▶ Exercise description
Starting at the top of the records below and ending with the line that contains "Preview: Senior Couple", print each line exactly as written, skipping the pictures.

══════════

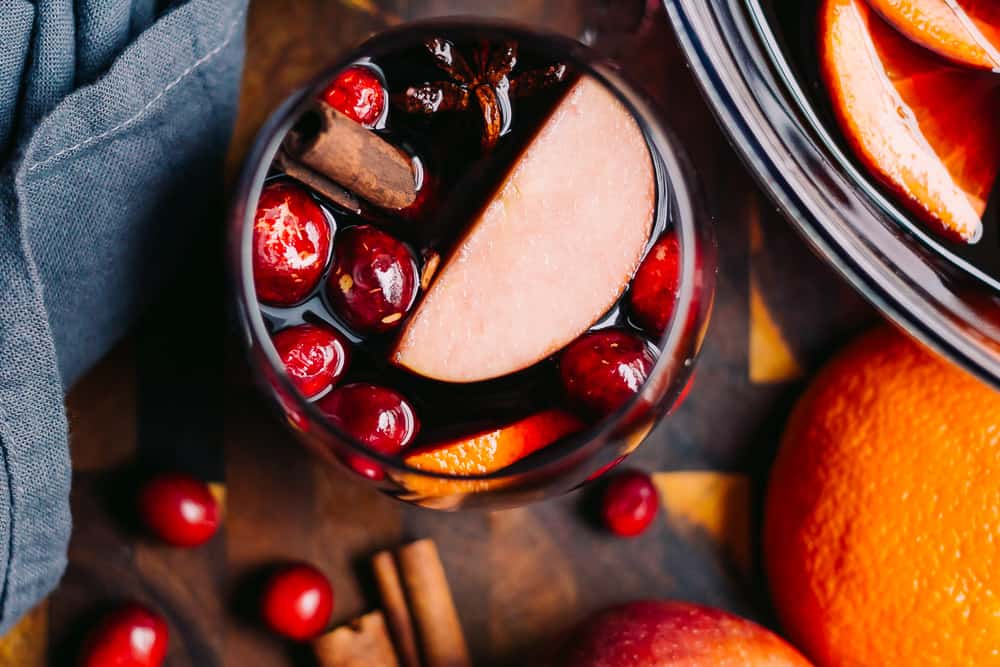 glass of sangria with cranberries apples and cinnamon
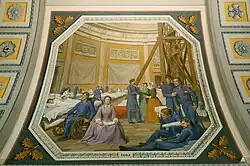 A painting that depicts the Rotunda during the Civil War, during the six-week period that it was used as a hospital. A woman is sitting next to injured soldiers, reading a book.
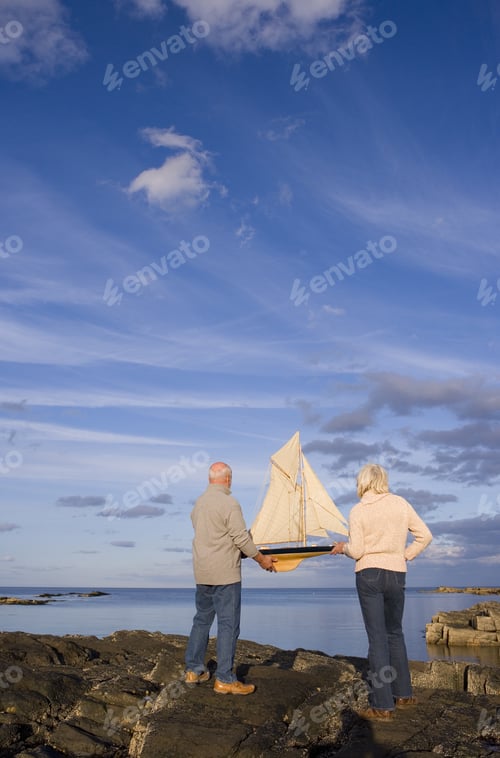 Preview: Senior Couple With Model Boat On Rocks By Sea, Rear View
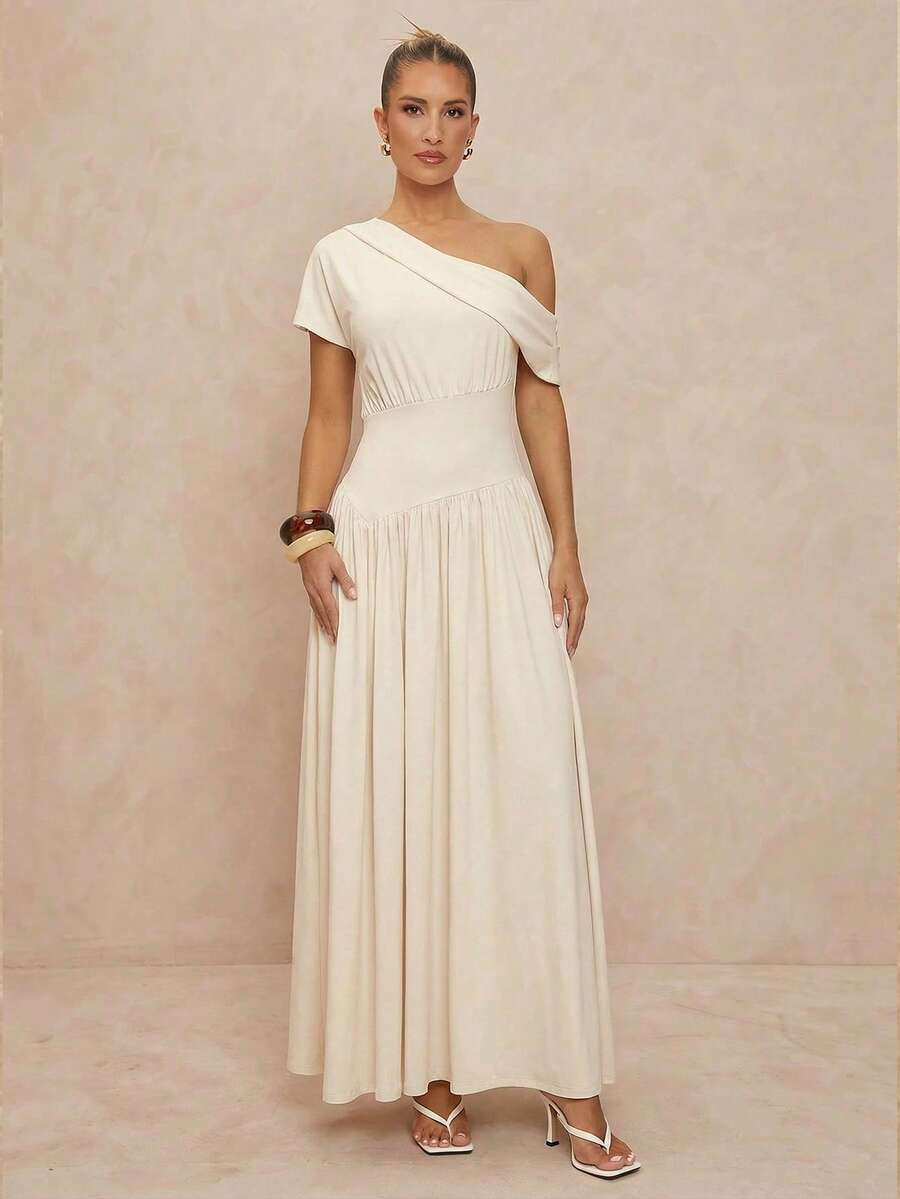 Elevate your formal wardrobe with this stunning one-shoulder cream maxi dress. Featuring an elegant draped bodice with asymmetrical neckline and graceful ruching, the dress flows into a flattering A-line silhouette with a high waistline. Crafted from a soft knitted fabric blend of 95% polyester and 5% elastane, it offers medium stretch for comfortable movement. The short batwing sleeves and flared hem add sophisticated dimension. Perfect for weddings, evening events, and special occasions. Hand wash or prof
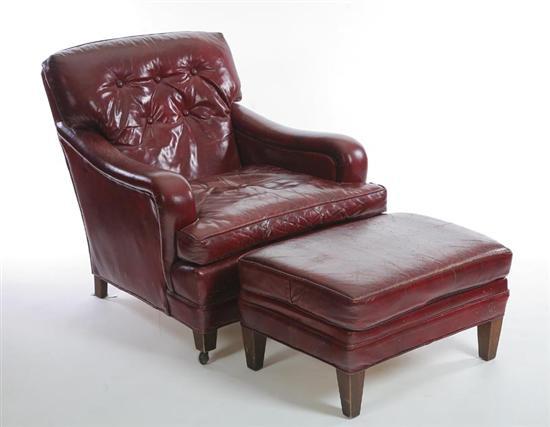 Appraisal: CLUB CHAIR AND OTTOMAN Maroon leather armchair and ottoman on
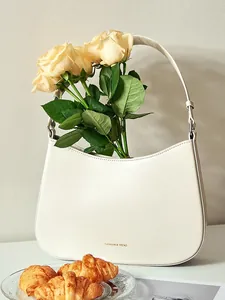 Chic cream leather baguette bag with 'FASHION & TREND' text and elegant half-moon design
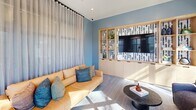 This 190 square foot living room exemplifies modern urban design with its efficient use of space and contemporary aesthetics. The room is bathed in natural light thanks to large windows that offer views of the surrounding area. The walls are painted in a soothing blue-gray tone, creating a calm and sophisticated ambiance.

The space features a versatile seating arrangement, including a vibrant yellow sofa adorned with blue and gray pillows, and two comfortable brown armchairs. A round coffee table centers the seating area, while a floor lamp adds focused lighting. The room's flooring consists of a neutral-toned carpet with a subtle pattern, adding texture without overwhelming the space.

A standout feature is the floor-to-ceiling sheer curtain that can be drawn to divide the room or provide privacy. The room also includes built-in shelving and a media center, cleverly integrating storage and entertainment options. Recessed lighting in the ceiling provides even illumination throughout the space.

The entrance area features a glass door, allowing for additional natural light and a seamless transition to the exterior. Overall, this living room demonstrates a perfect balance of style, comfort, and functionality in a compact urban setting.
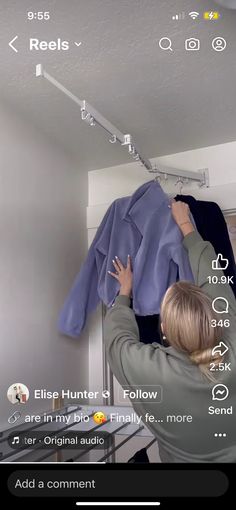 a woman hanging clothes on a rail in a room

══════════

▶ Answer below
 glass of sangria with cranberries apples and cinnamon
 A painting that depicts the Rotunda during the Civil War, during the six-week period that it was used as a hospital. A woman is sitting next to injured soldiers, reading a book.
 Preview: Senior Couple With Model Boat On Rocks By Sea, Rear View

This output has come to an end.